The Crater High School senior will join teammate Jacob Wall of Jacksonville in an attempt to win the inaugural High School Fishing National Championship, and it's not something even confident teenagers can just wing.
"I'm focusing on the jerks, the pauses, the casting," says Pearson, 18. "I want to feel comfortable. So much of fishing is a mental game."
The game reaches its apex for them Sunday at South Carolina's Lake Murray, where they'll face off against four other regional champion teams in what The Bass Federation bills as the largest student-angler initiative in the sport's history.
The pair already have won Oregon's first high-school bass championship, and last fall they won the West regional tourney in Arizona for the right to fish in Sunday's national finals against four other regional winners.
"They're all good teams," says Wall, a junior at St. Mary's High School. "They won their regions, just like us. This should be a good tournament."
It also could mean more than $10,000 in scholarships and having their names etched into the first such trophy of its kind.
A win Sunday could provide a huge boost to their hopes of working their way up the bass anglers' ladder to rock-star status on the pro bass tour.
"It'll get them the exposure they'll need to take it to the next level," says Julie Huber, the tournament's communications specialist.
That could be anything from a possible bass-fishing scholarship to colleges like Bethel University in Tennessee or introductions to potential sponsors for future club tournaments at levels short of top pro tourneys, Huber says.
"It's a business, and it's a business they'll have to learn," she says.
It's also a business they've been working toward since early age.
Pearson, of Central Point, gained wide acclaim among bassers nationwide in 2006 after he caught, photographed and released what likely would have been a state-record largemouth of at least 12 pounds from Hyatt Lake, saying he didn't want to see the bass die just for a record.
Wall is a two-time finalist in the Bassmasters' CastingKids competition held in conjunction annually with The Bass Federation's national championships.
Wall has fished tournaments since was 13, while Pearson has competed since age 11.
They have known each other for years, but they didn't start fishing together until late 2010, when Wall recruited Pearson as a teammate for these championships.
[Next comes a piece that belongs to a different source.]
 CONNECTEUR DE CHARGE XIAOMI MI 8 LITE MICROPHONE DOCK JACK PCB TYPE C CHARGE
The duo are a natural team, largely because their fishing styles complement each other.
Wall, who fishes up front, gets the first pass at each bass and often fishes plastic worms and grubs. It's a technique that helps garner a five-fish limit for the tourney but doesn't exactly put him in place for catching really big fish.
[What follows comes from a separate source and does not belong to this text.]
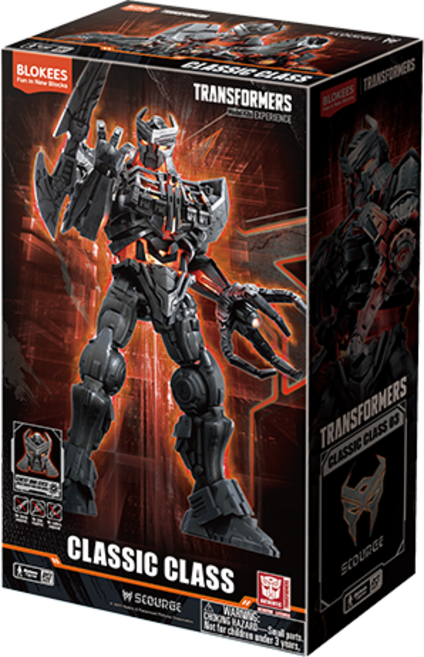 블로키 트랜스포머 스커지 클래식버전 프라모델, 1개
While Wall goes for quantity, Pearson goes for quality. He fishes large swim baits, imitating large baitfish, in hopes of putting a few big bass in the live well.
When the pair learned they were headed to Lake Murray, they immersed themselves in the Internet looking for information. And what they found shows that two kids from the Northwest's Salmon Nation won't be out of place in the Deep South.
Lake Murray's not the weedy and grass-laden lake that's common in the South and somewhat unfamiliar to Pearson and Wall.
It's more like the clear and rocky reservoirs the pair are used to fishing.
"It's kind of similar to some of the lakes around here, so we shouldn't be out of our element," Pearson says.
They will be targeting largemouth over smallmouth, strictly for the poundage. And Pearson will be tossing baits that look like the blue-back herring — the lake's main food source.
And all that practice at Expo Pond could translate well into a Southern drawl.
"I feel confident in my fishing skills, and I feel confident in Jacob's fishing skills," Pearson says. "Winning this tournament would put us in the national spotlight.
"We're going to have the mentality of going out and doing our best," he says. "That's all you can hope for."